The 11 priority areas set out in the report include:
• Responsibility: Explicitly require financial system actors to consider, manage and account for environmental, social and governance risks and opportunities (ESG) and real-world impacts
• Capability: Raise capability in sustainable finance through education and training
• Governance: Improve public and private sector governance for sustainability
Transforming the financial system
- Data: Improve data and information quality and availability, including through the use of fintech
• Disclosure: Improve and extend external reporting and disclosures
• Co-ordination: Establish and fund an agile and independent Centre for
Sustainable Finance to oversee and coordinate implementation of the Roadmap
• Account and value: Integrate environmental, social and cultural outcomes into investment decisions to ensure we operate within planetary and societal boundaries
• Inclusiveness: Recognise that financial services and products are a utility and create an inclusive financial system
• Government leadership: Develop a Whole of Government sustainable finance strategy
Financing the transformation
- Resiliency: Improve prudential regulation over environmental risks
• Standards and pathways: Develop standards and pathways that encourage investments which deliver positive environmental, social and economic outcomes
The report is the result of 22 months of research and collaboration by a leadership group and technical working group of more than 50 people as well as two hui to incorporate Māori guidance and six focused on funds management, financial inclusion, corporates and public sector workshops. More than 200 stakeholders were engaged in the roadmap process, of whom 95 per cent said the current financial system is not sustainable or inclusive.

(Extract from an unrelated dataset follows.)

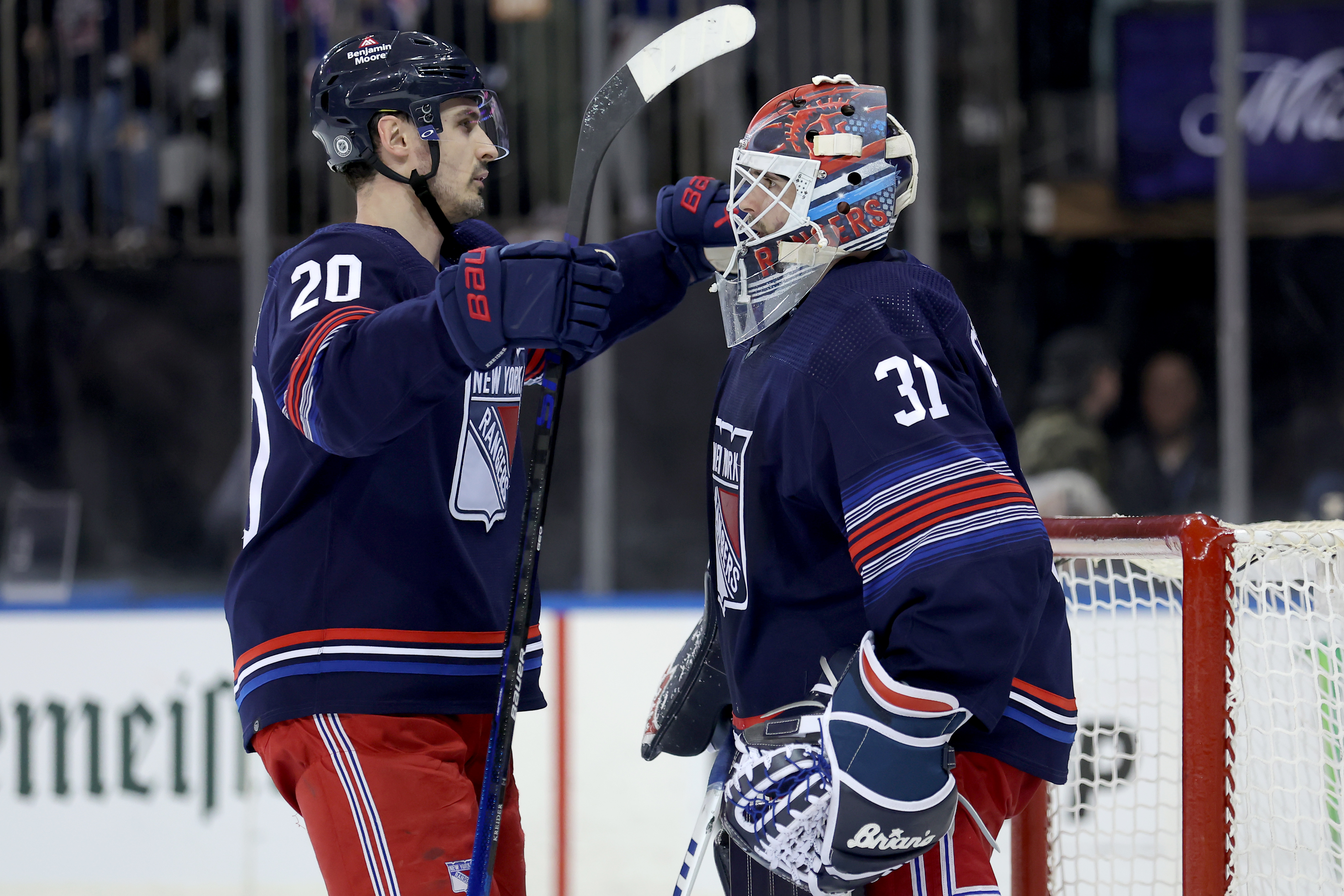 New York Rangers left wing Chris Kreider (20) hugs goaltender Igor Shesterkin (31) after defeating the Washington Capitals at Madison Square Garden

Ms Silk says sustainable finance is on the agenda of many comparable countries and regions. “Across the world’s largest 50 economies, there have been over 730 hard and soft law-policy revisions which support, encourage, or require investors to consider long-term value drivers such as environmental, societal and governance factors.
“Ninety six per cent of these economies have implemented policy to help investors consider sustainability risks, opportunities or outcomes. Europe, the United Kingdom, Canada and China are significantly more advanced in the transition towards a sustainable model than New Zealand.”
Mr Whineray says the recommendations contained in the SFF’s Roadmap for Action are not novel, with similar initiatives occurring around the world.
“In fact, in many areas, New Zealand is a laggard, and without progress or alignment to the changes occurring elsewhere, New Zealand may find its access to international markets is at risk. Our roadmap contains practical suggestions for improving the financial system by the end of the current decade.”
In the coming months the SFF will be working with Government, regulators, investment and financial institutions, businesses and the wider community to advocate for and implement the detailed recommendations of the roadmap. It will establish a process for reporting back on progress against the recommendations.